Although waste is her focus, for Phillipson there is however one element of the 1990s Tory sleaze saga that she remembers all too well: the hypocrisy of the moralistic ‘back to basics’ theme and the way cabinet ministers like Peter Lilley would ridicule single parents. And as the child of a single mother, the attack felt personal.
“When I was growing up in the 80s and 90s it was a time when there was real judgment around single parent families. And that made me incredibly angry, the way in which we were judged, the way in which society regarded us as somehow not a complete family, and that the children of single parents were not destined for a good life.” She pauses, the memory clearly still fresh.
Phillipson also owes her Labour roots to her mother Claire, who would take her daughter to Labour party meetings because she lacked childcare. “My mam was a single parent, she brought me up on her own, so she would always take me along. I confess I wasn’t massively interested as a young child and I would do my best to sneak off and hang around outside.
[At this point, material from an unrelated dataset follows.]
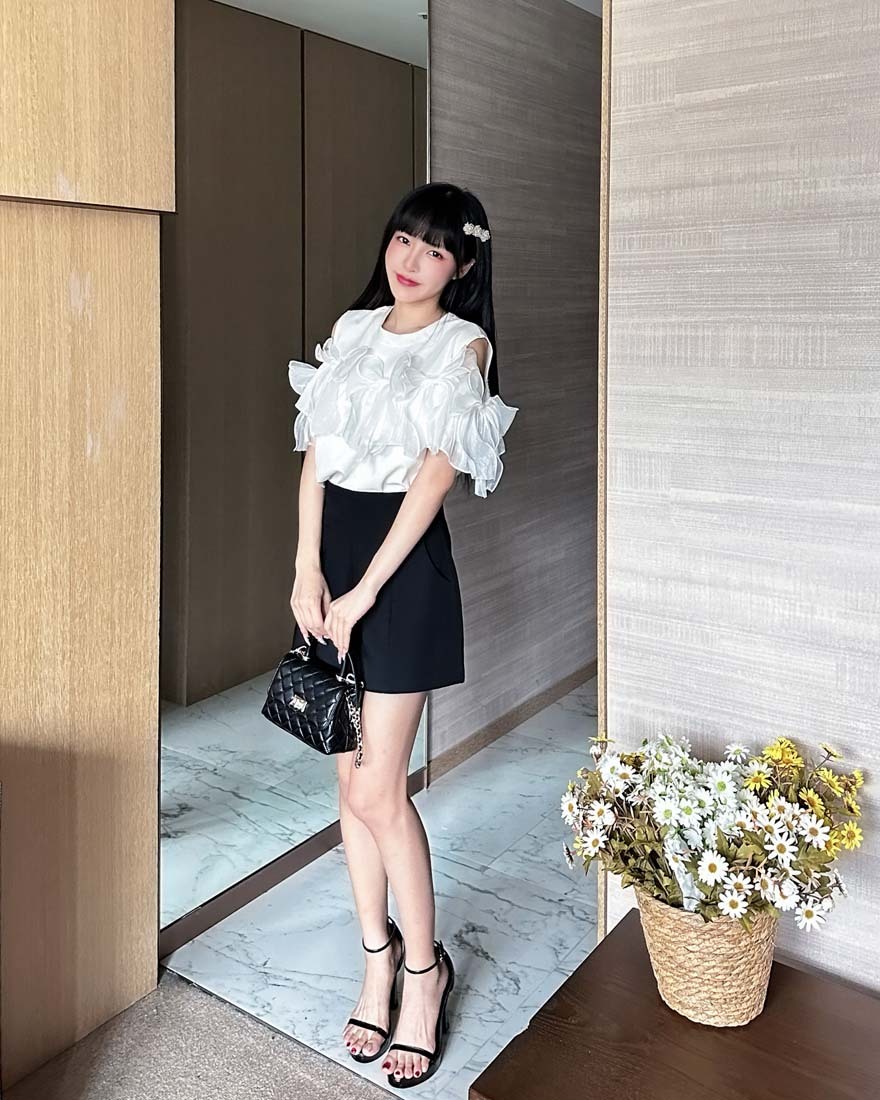 LINA LINA漂亮集序網紗蝴蝶結滾邊造型上衣-優雅白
But as I got older, I became more interested and involved.
“And for me, being a part of the Labour Party was about wanting to change my local area, and it was a time when the youth unemployment was really very high, and crime was very high. There were limited job prospects. I feel very fortunate because I’ve been able to have a great life, but that often is by luck rather than by design. And for many of the people that I grew up with, they weren’t so lucky.”
Encouraged by her teachers (some of whom she is still in touch with), she won a place at Oxford, where she co-chaired the Labour club. After graduation, she managed a women’s refuge. Then aged just 26, she was elected as MP for Houghton and Sunderland South.
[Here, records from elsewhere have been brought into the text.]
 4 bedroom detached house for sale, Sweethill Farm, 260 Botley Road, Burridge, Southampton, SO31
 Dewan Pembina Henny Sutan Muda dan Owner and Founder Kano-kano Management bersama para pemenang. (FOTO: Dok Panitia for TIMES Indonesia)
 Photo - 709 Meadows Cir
Having spent her entire time in parliament in Opposition, Phillipson is impatient for a change in government but says Labour has a huge task still in re-establishing trust with the voters.
“It’s incredibly frustrating because for so many of the people that I represent, life over the course of those 11 years has got harder. When I was first elected food banks were barely talked about, now we’ve seen a big proliferation of food banks.”
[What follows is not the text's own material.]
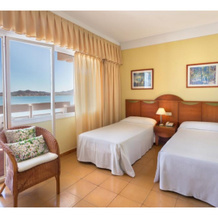 Hotel Izán Cavanna, La Manga del Mar Menor — photo 3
The first 14 years of her own life were under a Tory government, she points out. “And my eldest is on course for a similar wait.”
“I think we’ve made tremendous progress as a party. People are far more receptive to Labour than they were 18 months ago, the conversations are very different, and people are pleased to see us, happy to chat and that anger has ebbed away. But the scale of the defeat meant that it was always going to take time to earn that trust, we’ve begun on that journey but clearly there is still much more that we need to be doing.”
Yet, like many in Starmer’s shadow cabinet, she also insists that the problems don’t just cover the Corbyn era but the Brown and Miliband ones too. “I don’t think we should pretend that our problems began and ended in 2019,” she says.
“The voters are never wrong... We’ve lost four general elections on the bounce now, we haven’t won an election since 2005 and the world is a very, very different place since 2005. If we are to win 2024, that’s 20 years since we last won. I think what we need to be doing now is a focus on the future in the country that we want to build.”